The following statement was issued during the election campaign in Poland last April. It was published this summer by the journal Kultura in Paris and has been translated by William Hunt.

Living among us in Poland there are Ukrainians and Byelorussians, smaller groups of Lithuanians, Jews, Slovaks, Germans, Czechs, Armenians, Tatars, members of the Russian and Greek Orthodox Churches, and Protestants. This is our rare and precious heritage from the multinational Commonwealth of earlier days.*

At this moment, when national hopes are reawakening, we must also revive the old Commonwealth’s tradition of tolerance and respect, in the name of our common past, and our common future.

These people living among us, who in most cases have lived among us for many generations, bear the same burdens as we Poles do. Their fears and hopes resemble our own. But they have, in addition, their own specific anxieties: they are concerned for the preservation, within the Polish environment, of their own religious and ethnic identity. They are concerned for their cultures, their schools, their churches. They want dignity, without having to “change into Polish clothes.” They want education for their own people; churches for their own children.

Let us especially remember these neighbors and fellow citizens of ours during the current electoral campaign, even when we are most pressed for time and resources. Let us find responsible positions for them in this campaign, so that they may participate with the dignity to which they are entitled. This is our human and moral duty—as the Holy Father, Pope John Paul II, so emphatically reminded the world in his recent statement on respect for national minorities. It is also our political, and specifically Polish, duty. After all, we have millions of Poles living beyond our present frontiers, and we naturally demand that their identity and civil rights be respected.

In our common history there have been many conflicts and mutual injustices. Memories and grievances survive, unfortunately, to this day. But let us not permit these feelings, these “justifications,” to prevent reconciliation—at such an important time. And let us not permit anyone to exploit our differences!

Members of national and religious minorities are to be found, in greater or lesser numbers, in every electoral district in Poland. Our candidates should devote the proper consideration to these fellow citizens and to their concerns. (And not only in your electoral promises, gentlemen, but in your later work in Parliament!)
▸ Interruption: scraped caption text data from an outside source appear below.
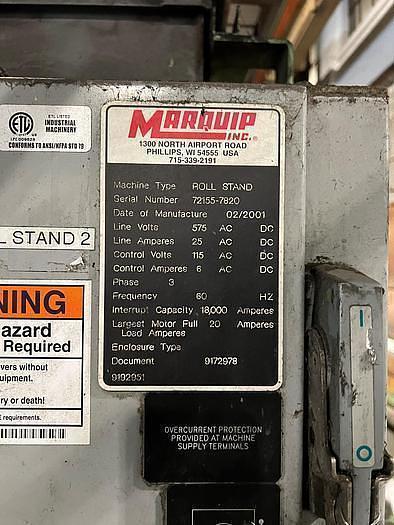 Marquip, dual shaftless floor pick up unwind stand, 127" wide - Image 3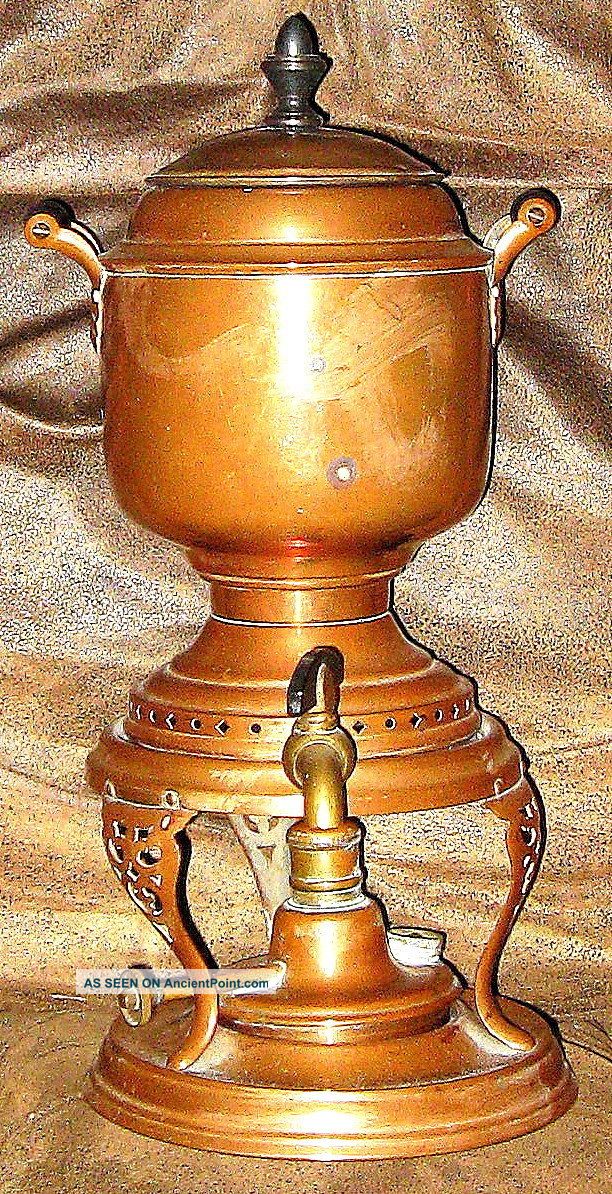 Antique Magnificent Manning Bowman & Co.  Handworked Copper,  Brass & Wood Samovar Metalware photo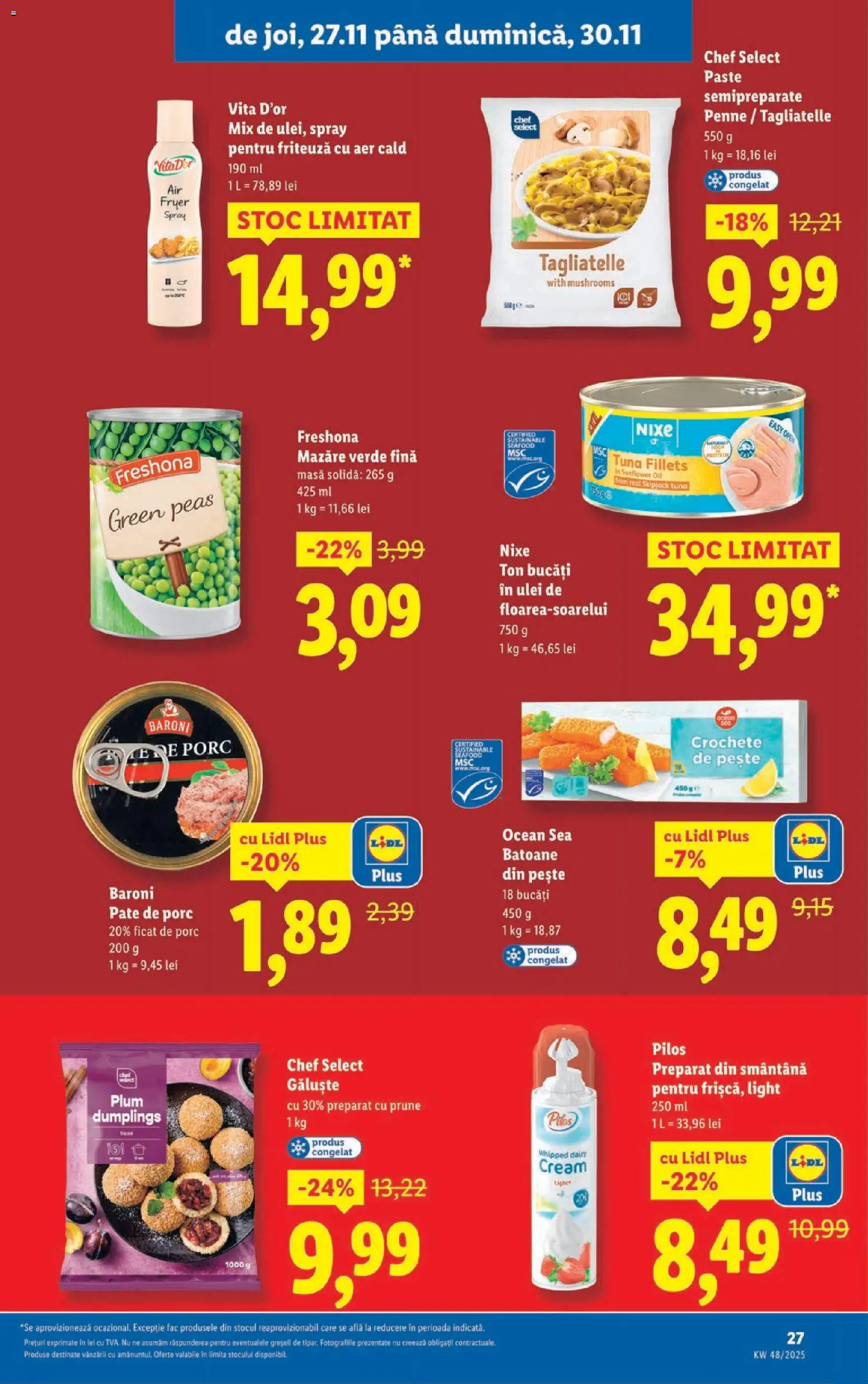 Noul catalog Lidl – valabil de la 24.11.2025 | Pagină: 27 | Produse: Toplar, Masă, Paste, Smântână
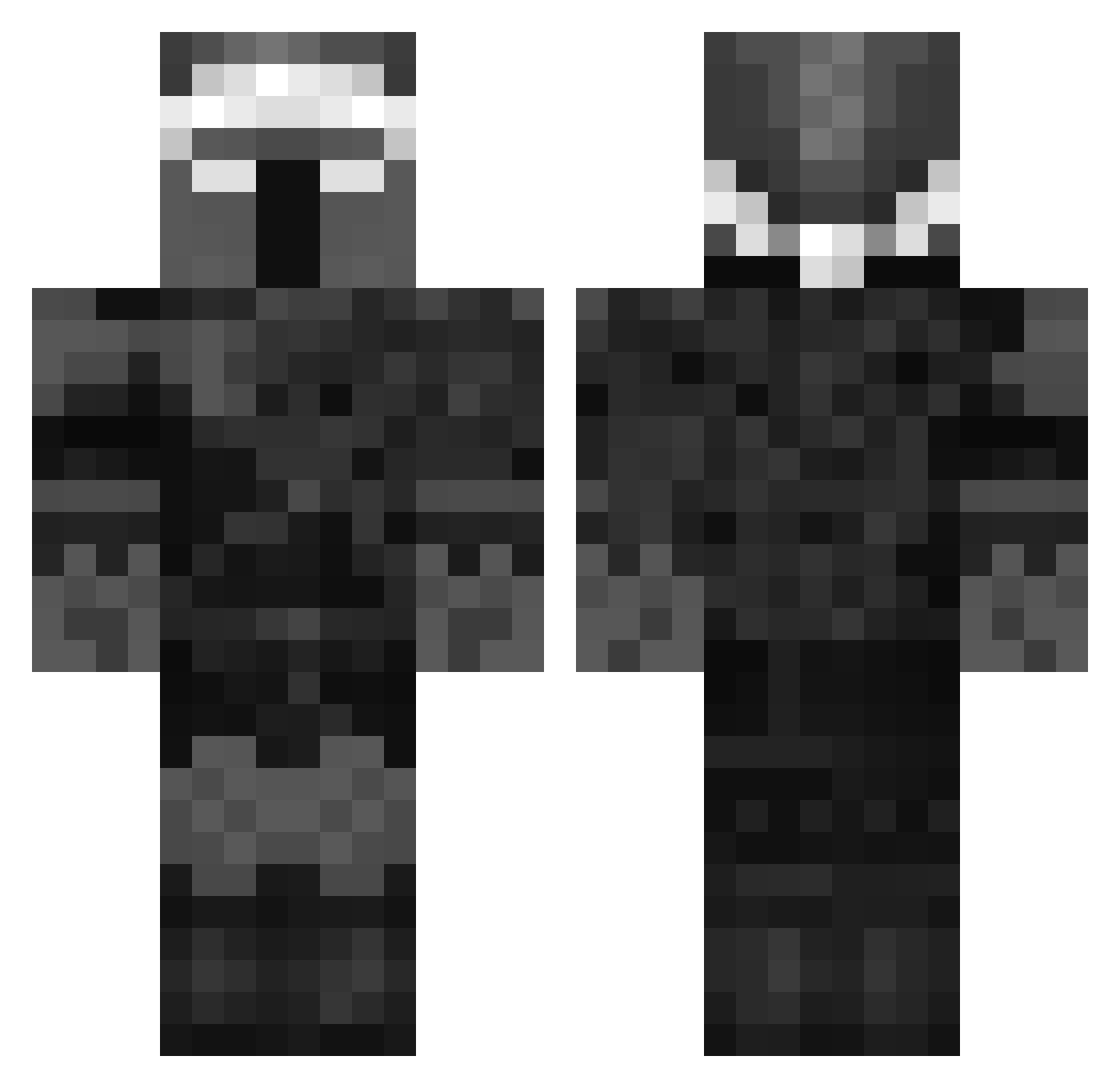 Phooey07 Minecraft skin, front and back view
This will be one of the most important tests of the real competence of our senators and deputies. Their task will be to inaugurate, through their skill, honesty, and humanity, a new period in Polish history: a closing of the accounts of mutual guilt and injustice, and the opening of a new age, an age equal to the demands of the imminent third millennium after Christ, an age when citizens of all nationalities, cultures, and religions will live together in justice on the banks of the Vistula.